One solution would be to put a real time clock in the VR display that users see. But that takes up valuable visual real estate and taxes a human sense – vision – that is already being worked hard in such a visually immersive environment.
Instead, Ghosh decided to explore using haptic feedback – creating physical sensations with small motors – to offer clues about what’s going on outside the VR experience. Traditionally, haptic feedback has been deployed to make VR feel even more immersive. But could different types of haptic feedback also strengthen our feelings of connection to the outside world?
To find out, Ghosh built a series of five ‘haptic backpacks’ to be worn along with a VR headset. Inspired by HP’s own Omen VR Backpack, which makes it possible to create “untethered” VR experiences, each of these backpacks was augmented to deliver a different kind of physical nudge to users immersed in a virtual reality task. One backpack created the sensation of a shoulder tap at regular intervals to mark the passage of real world time, another buzzed at the shoulder, while a third buzzed the entire back. The fourth backpack created a “hugging” sensation and the final pack used small fans to blow air across the wearer’s neck.

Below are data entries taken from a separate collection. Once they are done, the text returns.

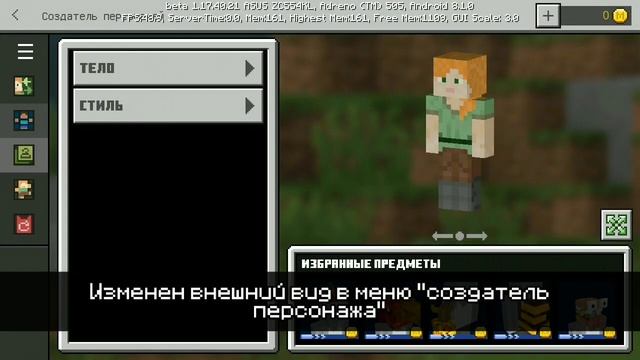 НОВЫЙ ПЛОСКИЙ МИР И НОВЫЙ ИНТЕРФЕЙС ПЕРСОНАЖА В МАЙНКРАФТ БЕДРОК 1.17.40.21|КРАТКИЙ ОБЗОР смотреть онлайн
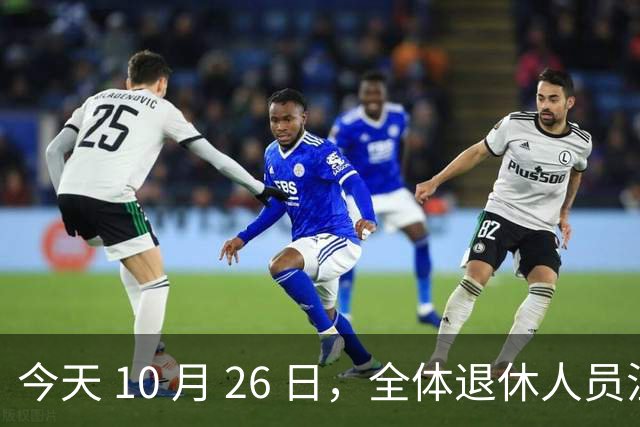 今天 10 月 26 日，全体退休人员注意：10 月养老金发放，必查三项！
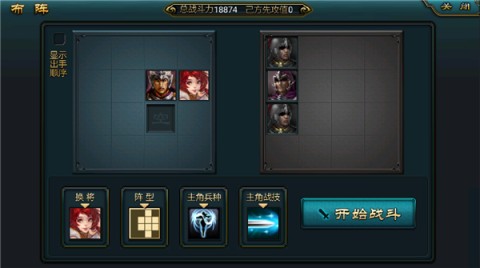 将神 第3张图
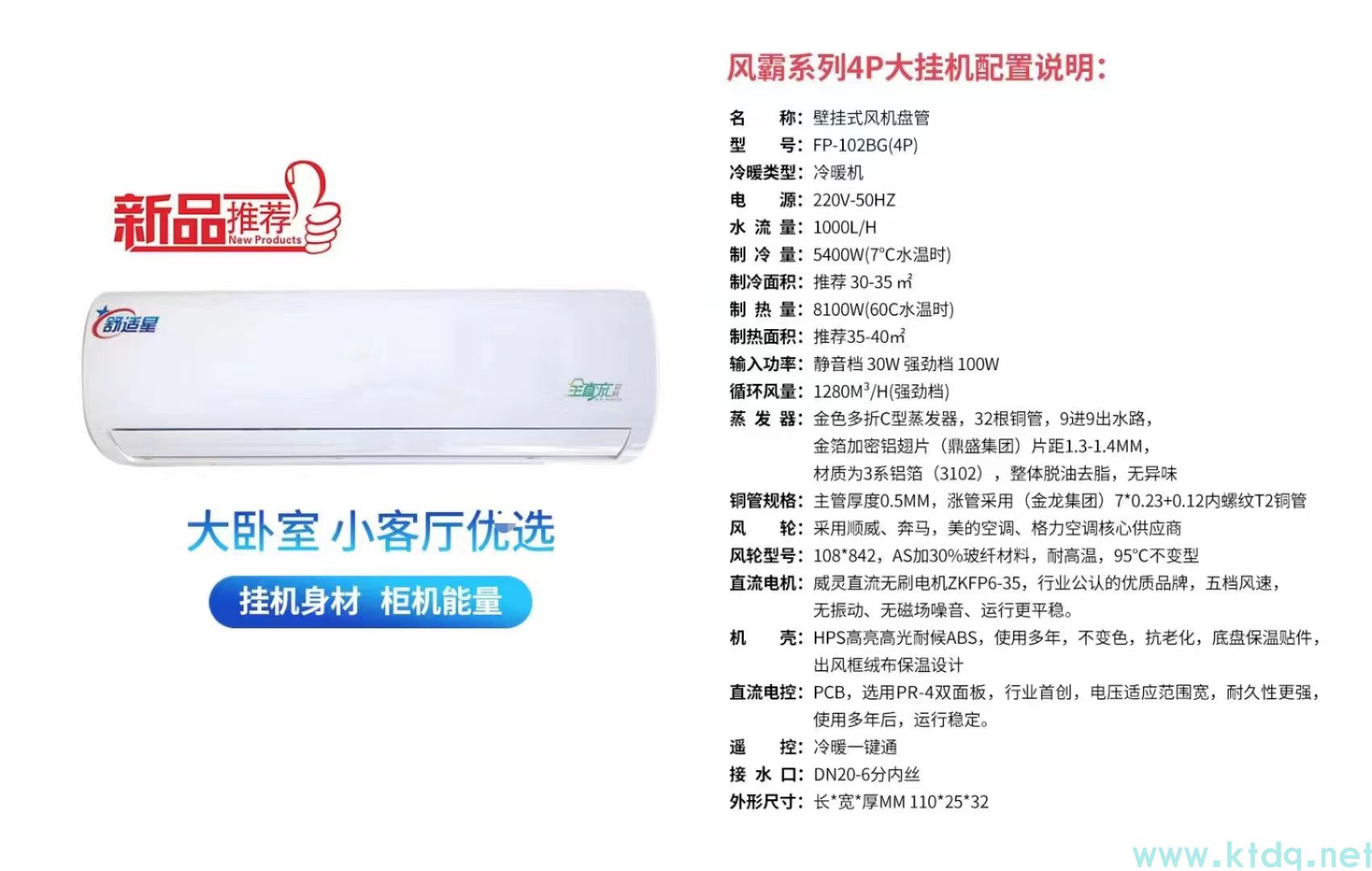 新龙镇风机盘管的缺点有哪些？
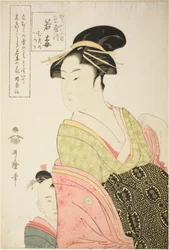 Wakaume of the Tamaya in Edo-cho itchome, and her child attendants Mumeno and Iroka
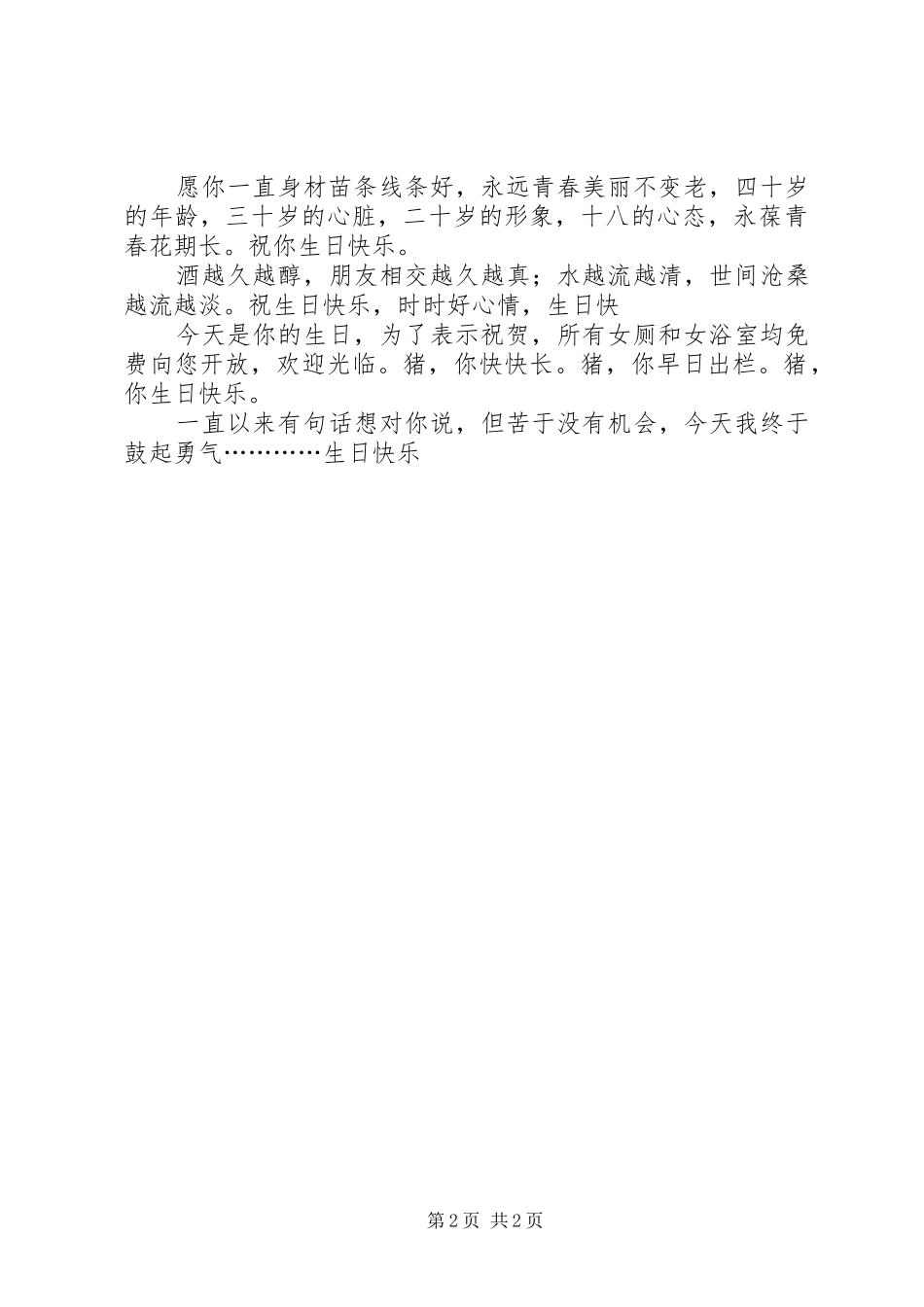 2024年幽默搞笑生日快乐祝福语_第2页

Trials on colleagues in HP’s Immersive Experiences Lab quickly revealed that the hugging and blown air solutions didn’t give clear enough external signals. But the first three showed promise. Ghosh led efforts to test these other forms of haptic feedback on a larger group of participants as they undertook two different VR tasks.
“Perhaps our main finding was that people did notice the alerts they were getting and for the most part they were able to connect that with the real world, so it does seem possible to use your body’s surface area to create notifications about the real world,” says Ghosh.
The study also revealed a discrepancy between the intellectual calculations people make as they count buzzes or taps to measure time and their instinctual sense of how much time has passed. Many felt more inclined to believe their less reliable instincts over their more accurate counts, offering a useful window on the dominance of our instinctual sense of time in VR environments.